- Your assignment
Drop the images; return everything else in the listing below exactly.

(Raw data)

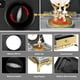thumbnail image 2 of Caja de música clásica - Dorada, caja de música para guardar joyas, estuche giratorio para música de bailarina con cajón, espejo de maquillaje, elegante bailarina para cumpleaños, 2 of 5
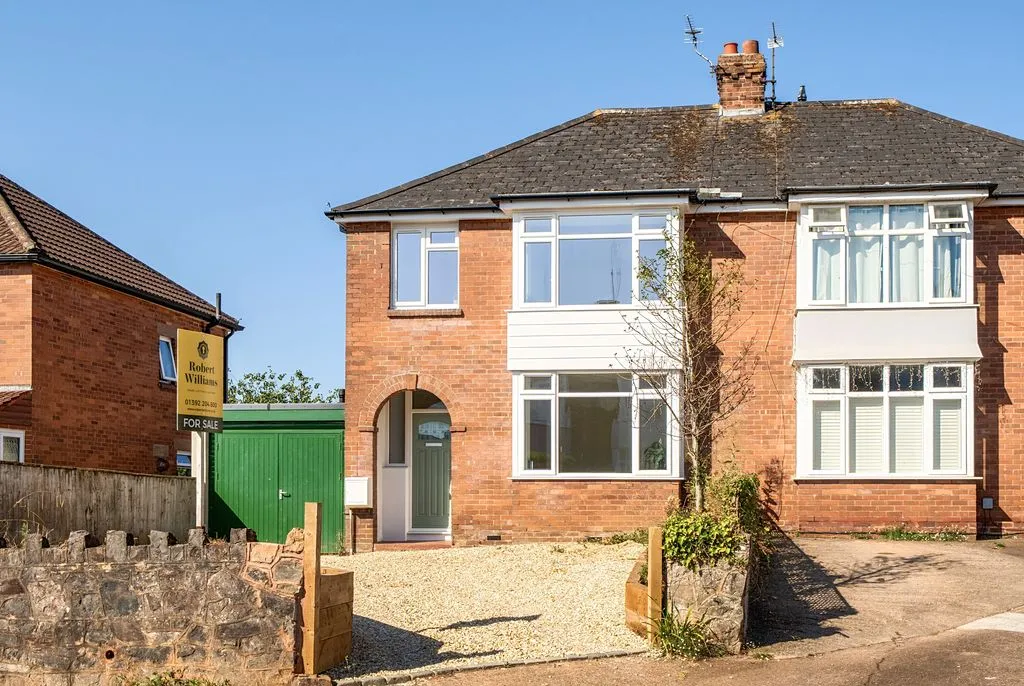 3 bed house for sale — Summer Lane, Exeter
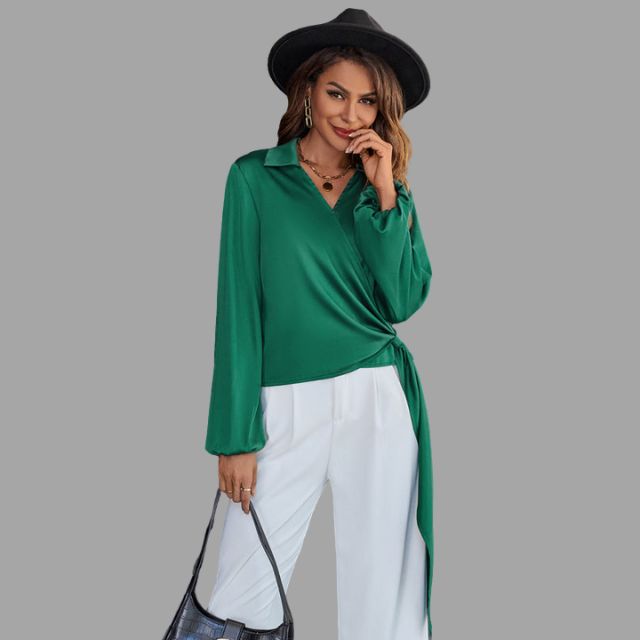 CM | Blusa elegante y desenfadada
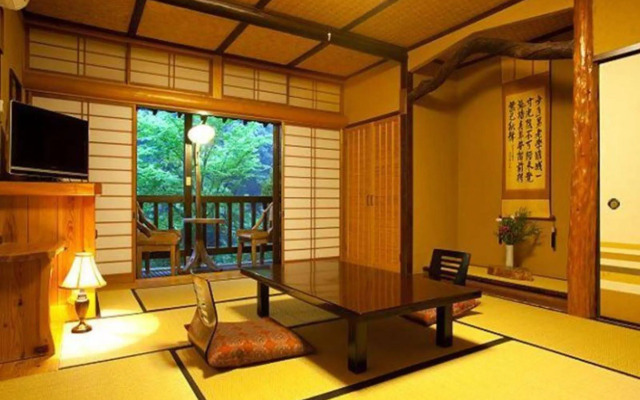 Kurokawa Onsen Okunoyu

(End Raw data)

- Written answer
thumbnail image 2 of Caja de música clásica - Dorada, caja de música para guardar joyas, estuche giratorio para música de bailarina con cajón, espejo de maquillaje, elegante bailarina para cumpleaños, 2 of 5
 3 bed house for sale — Summer Lane, Exeter
 CM | Blusa elegante y desenfadada
 Kurokawa Onsen Okunoyu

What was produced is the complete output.